The cartoon...."the bank teller is asking do you wish to withdraw money?"  The customer is saying: "No I just want to count it to make sure its still there."

 QWhat are banks for?

ATo make money

QFor the customer?

AFor the banks

QWhy doesn’t bank advertising mention this?

AIt would not be in good taste but it is mentioned by implication in references to reserves of $249,000 or thereabouts, that is money they have made

QOut of customers?

AI suppose so

QThey also mention assets – have they made that too?

ANot exactly but that is the money they use to make money

QI see and they keep it in a safe somewhere?

ANot at all they lend it to customers

QThen they haven’t got it?

ANo

QThen how is it Assets?

AThey maintain it would be if they got it back

QBut they must have some money in a safe somewhere?

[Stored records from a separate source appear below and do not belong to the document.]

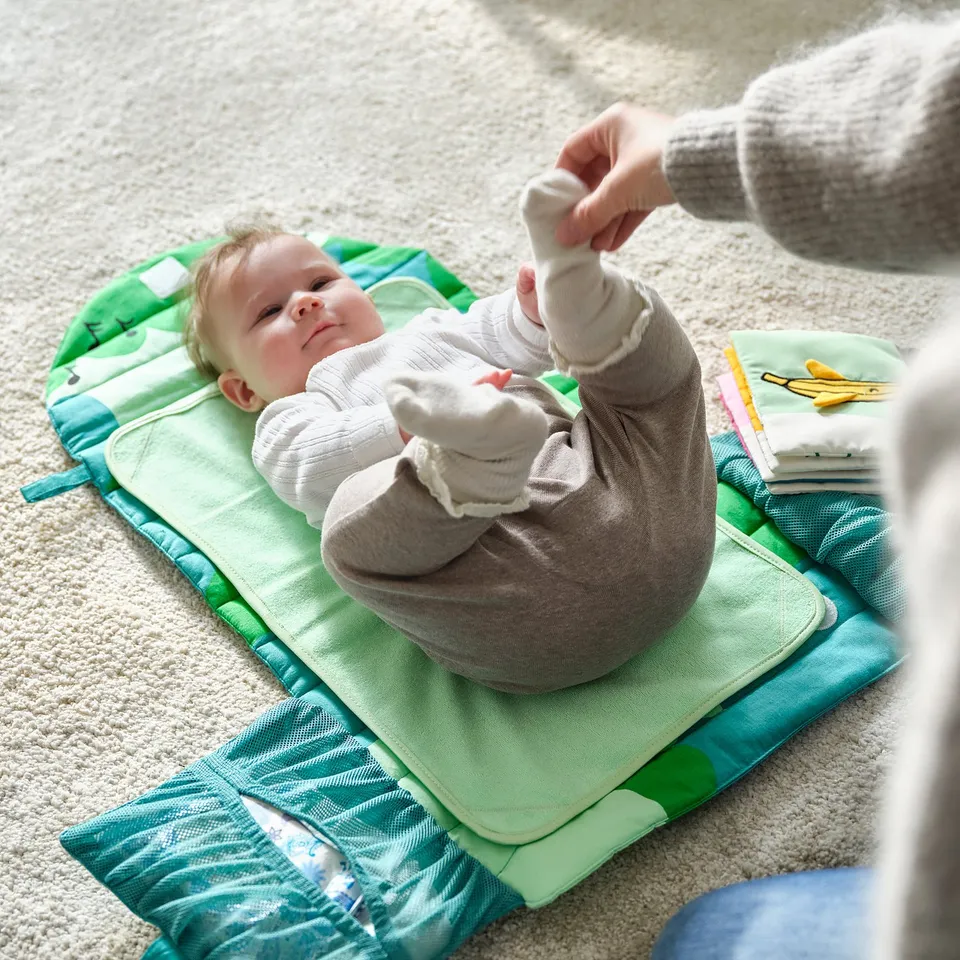A baby lies on a green changing mat. An adults hand reaches towards the baby. The mat has pockets for diapers.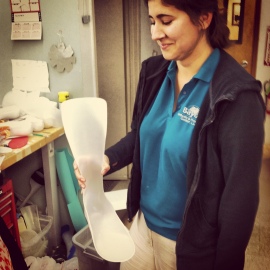 Clare shows a custom solid ankle-foot orthoses she fabricated using a vacuum form technique at the clinic.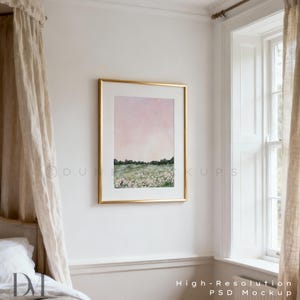 May include: A framed watercolor print with a gold frame hangs on a white wall. The artwork depicts a field of flowers under a pink and purple sky. The words "High-Resolution PSD Mockup" are at the bottom.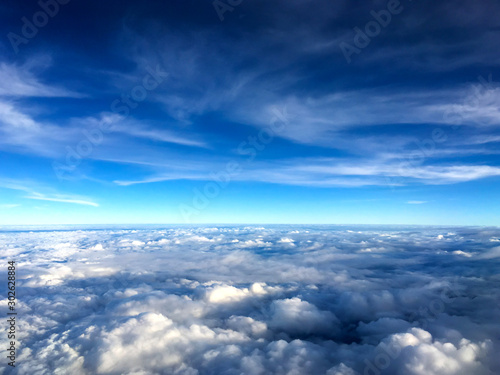 Fototapeta Naklejka Na Ścianę i Meble -  Clouds and sky as seen through window of an aircraft.Airplane wing in the blue sky above the clouds.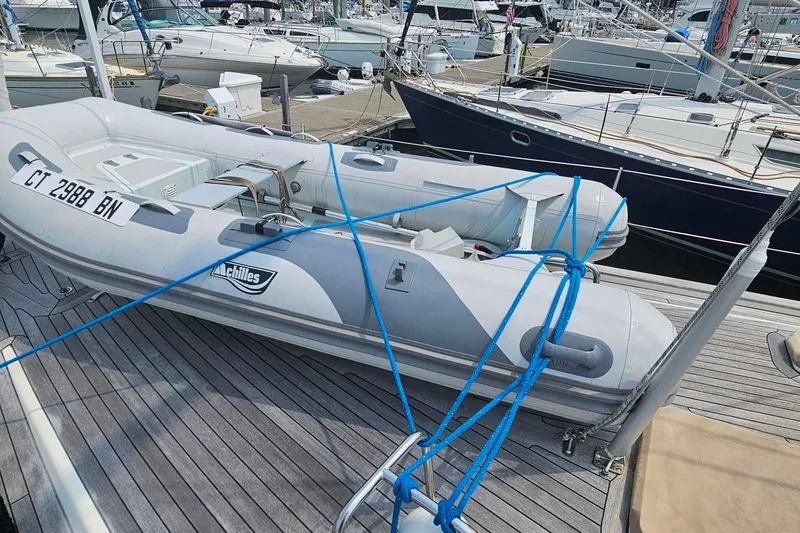 Slide: The Image of Inflatable dinghy secured on Farr Pilothouse 50 yacht deck, marina background, 1999 model. - 31
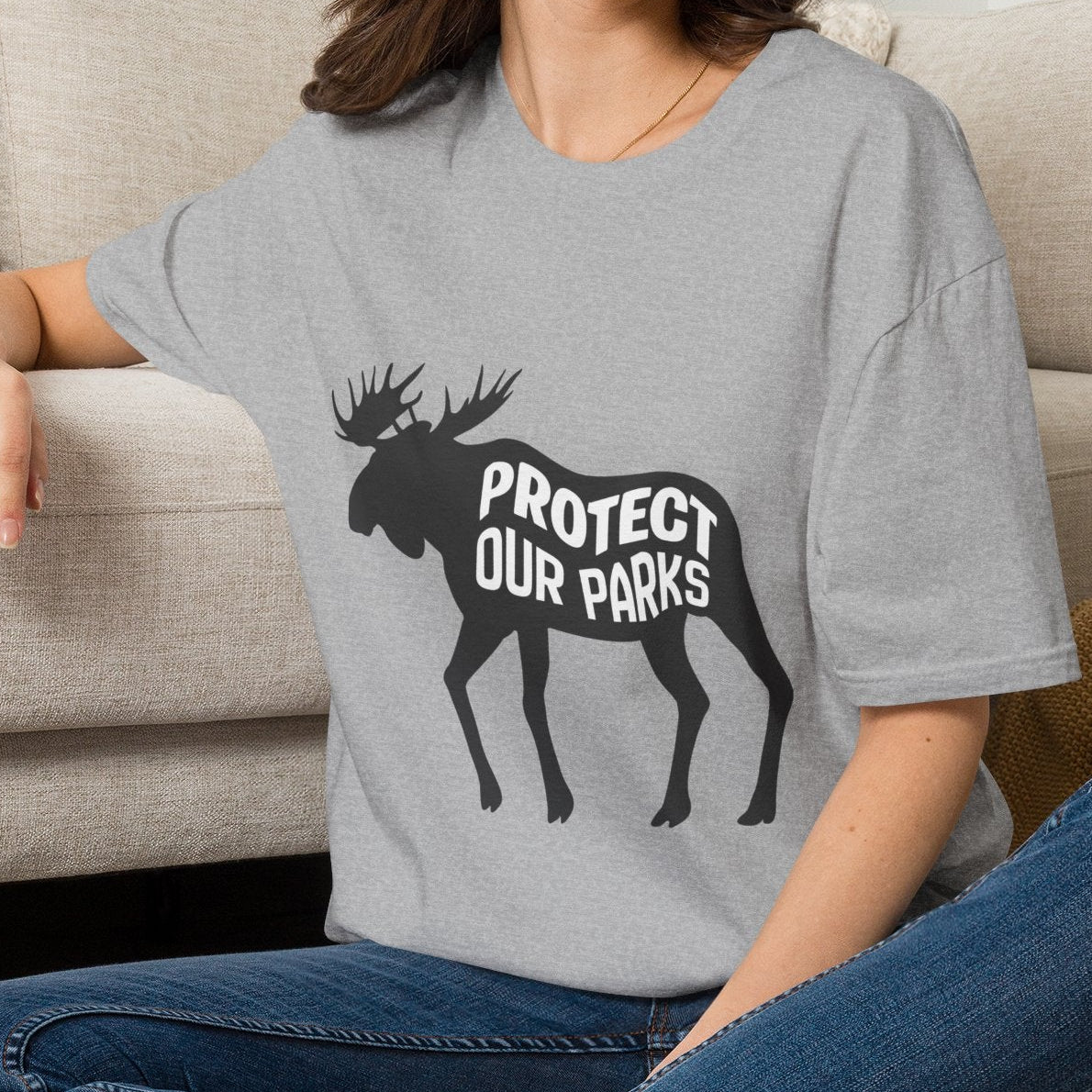 A woman sitting cross-legged on a woven rug in front of a beige sofa, wearing a heather gray t-shirt with a black moose graphic and the text 'PROTECT OUR PARKS'.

AYes usually $500,000 or thereabouts.  This is called Liabilities

QBut if they’ve got it how they be liable for it?’

ABecause it isn’t theirs

QThen why do they have it?

AIt has been lent to them by customers

QYou mean customers lend banks money?

AIn  effect.  They put money into their accounts so it is really lent to the bank

QAnd what do banks do with it?

ALend it to other customers

QBut you said that money they lent to other people was Assets?

AYes

QThen Assets and Liabilities must be the same thing?

AYou can’t really say that

QBut you’ve  just said it.  If I put $100 into my account the bank is liable to have to pay it back so it’s liabilities.  But they go and lend it to someone else and he is liable to have to pay it back so it’s assets.  It’s the same $100 isn’t it?

AYes but……

QThen it cancels out.  It means doesn’t it that banks haven’t really any money at all?

ATheoretically

QNever mind theoretically.  And if they haven’t got any money where do they get their Reserves of $249,000 or thereabouts?

AI told you.  That is the money they have made

QHow?

AWell when they lend your $100 to someone they charge him interest

QHow much?

AIt depends on the bank rate.  Say 5 and a half percent.  That’s their profit

QWhy is it not my profit?  Isn’t it my money?

AIt’s the theory of banking practice that…..

 QWhen I lend them my $100 why don’t I charge them interest?

AYou do

QYou don’t say how much?

AIt depends on the bank rate.  Say half a per cent

QGrasping of me, rather?

ABut that’s only if you’re not going to draw the money out again

QBut of course I’m going to draw it out again.  If I hadn’t wanted to draw it out again I could have buried it in the garden couldn’t I?

AThey wouldn’t like you to draw it out again

QWhy not?  I keep it there you say it’s a liability.  Wouldn’t they be glad if I reduced their liabilities by removing it?

ANo because if you remove it they can’t lend it to anyone else

QBut if I wanted to remove it they’d have to let me?

ACertainly

QBut suppose they have already lent it to another customer?

AThen they’ll let you have someone else’s money

QBut suppose he wants his too….and they let me have it?

AYou are being purposely obtuse

QI think I’m being acute.  What if everyone wanted their money at once?

AIt’s the theory of banking practice that they never would

QSo what banks bank on is not having to meet their commitments?

AI wouldn’t say that

QNaturally.  Well if there’s nothing else you think you can tell me……

AQuite so.  Now you can go off and open a banking account

QJust one last question

AOf course

Q Wouldn’t I do better to go off and open up a bank?